__SOURCE MATERIAL__:

▼▼▼

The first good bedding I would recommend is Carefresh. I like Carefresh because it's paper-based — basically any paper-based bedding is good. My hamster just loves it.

▲▲▲
▼▼▼

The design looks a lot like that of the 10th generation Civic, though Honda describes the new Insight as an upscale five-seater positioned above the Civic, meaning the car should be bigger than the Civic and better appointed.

▲▲▲
▼▼▼

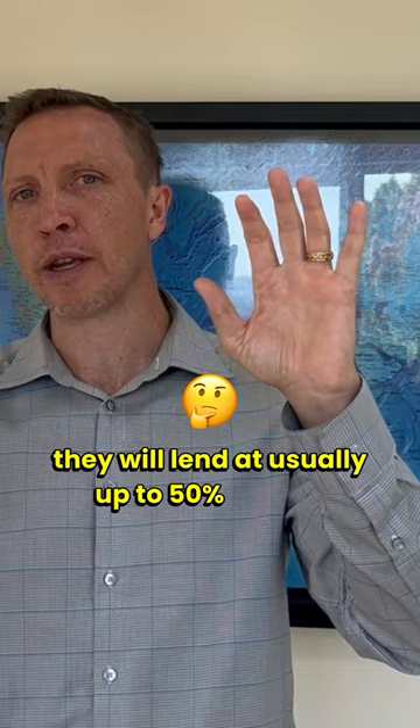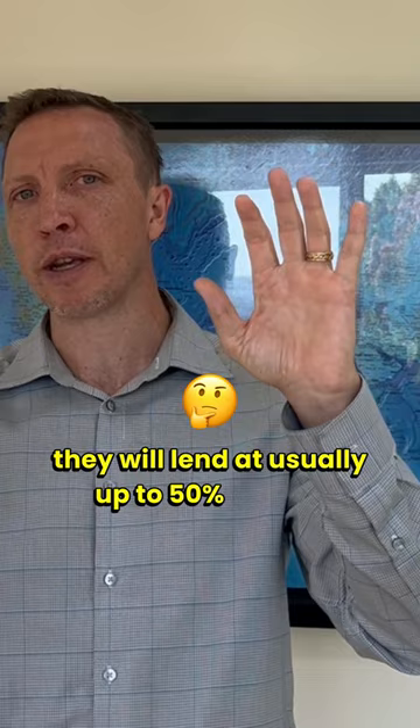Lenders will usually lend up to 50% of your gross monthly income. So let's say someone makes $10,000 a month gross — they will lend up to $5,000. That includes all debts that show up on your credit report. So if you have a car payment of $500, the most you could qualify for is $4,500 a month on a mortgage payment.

▲▲▲

__EXERCISE PROMPT__:
Only the number of lines above that contain "like" should be given as the answer.

__TASK RESPONSE__:
2